Novak entered the Divine Word Missionaries and made his initial profession on 1 March 1947 and on 1 March 1953 made his solemn profession into the order. He was ordained to the priesthood in 1954 in Bahía Blanca and in 1958 obtained a doctorate in historical sciences from the Pontifical Gregorian in Rome.

In 1972 he became the provincial superior for the order and held that appointment until his elevation to the episcopate. Pope Paul VI later created the Quilmes diocese through the papal bull Cups Regimini on 2 August 1976 and appointed Novak as its first bishop on 7 August. Novak received his episcopal consecration on 19 September from Pio Laghi in the new diocese's Immaculate Conception cathedral. There was initial apprehension surrounding his episcopal appointment due to strong rumors of his authoritative professorship in La Plata.

Novak railed against human rights abuses and criticized the dictatorship and the guerillas for their violence and carnage during the period of civil unrest and conflict. He pleaded for proper negotiations and peace in 1982 during the Falklands War. It was after the disappearances of 30,000 people became public that he served as a sort of 'spokesman' for their next of kin asking for investigations and closure for the families of those lost.

He co-founded the Ecumenical Movement for Human Rights alongside several others in February 1976. In September 1984 he was on a trip in Costa Rica when he was struck with Guillain-Barré and was recuperating to recover his motor skills until 1985.

Towards the end of his life he wrote to the government demanding greater action for the poor and often used strong language in order to force the point across. He was also seen leading demonstrations for jobs and organized soup kitchens in shanties around urban centers. In 2000 he encouraged one of his priests and the prominent social worker Luis Farinello to go into politics to run for a Senate seat in the October congressional elections.

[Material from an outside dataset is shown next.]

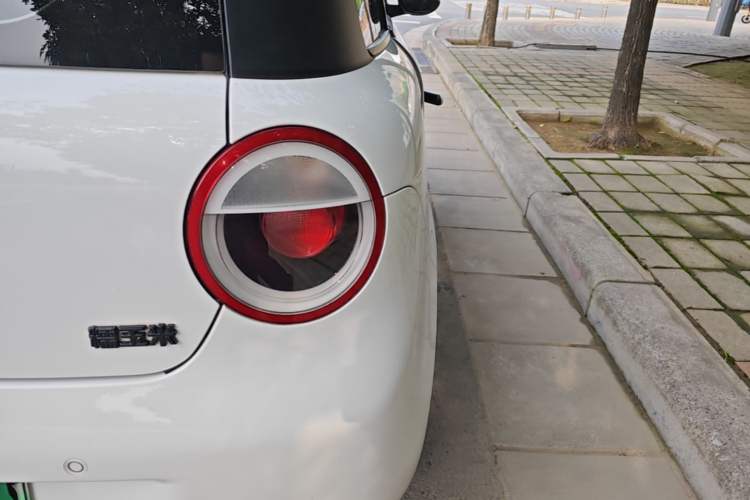 Used CHANGAN NEVO Lumin 2022 301km Honey-Sweet Version Right Rear Taillight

Novak issued a decree that authorized Farinello to pursue politics but removed him from all ecclesial responsibilities from his public announcement of his candidature and for the duration of his mandate if elected. The decree cited canon 904 of canon law which allowed Farinello to "celebrate Mass without the attendance of faithful" and exhorted Farinello to adhere to the values of the Gospel and the social teachings of the Church.

On 28 April 1995 he issued a statement asking for forgiveness for the failure of the Argentine priesthood and episcopate to act during the 1970s when people were disappearing and being killed. Novak pleaded for forgiveness "for our insensitivities" while also referring to their collective "cowardice" and "omissions" which he affirmed made them complicit in the actions of the dictatorship. Back in 1991 he was a sharp critic of President Carlos Saul Menem for his decision to pardon Jorge Videla and other jailed leaders of the dictatorship and referred to the pardon as a "humiliating defeat" for those who suffered during the dictatorship. In June 2001 he gave his last sermon and discussed the growing economic crisis in which he asked: "How is it possible that in this day and age there are still people who die from hunger, condemned to illiteracy, and without a roof over their heads?"

Novak had an operation for stomach cancer (the disease he kept a close secret) and later died from it at 4:00am on 9 July 2001. Twelve bishops attended his funeral as did the apostolic nuncio (later cardinal) Santos Abril y Castelló; the people shouted "Viva el Padre Jorge" and "Viva Monsignor Novak" as his casket was carried out of the church.

==Beatification process==
The cause commenced on 19 August 2017 after the Congregation for the Causes of Saints declared "nihil obstat" (no objections) and titled Novak as a Servant of God. On 7 April 2026, the diocese announced the cause had ceased, after a Vatican investigation discovered Novak possibly mishandled a case of priest misconduct. Their statement expressed "no moral judgment on the life, virtues, or pastoral action of" Novak.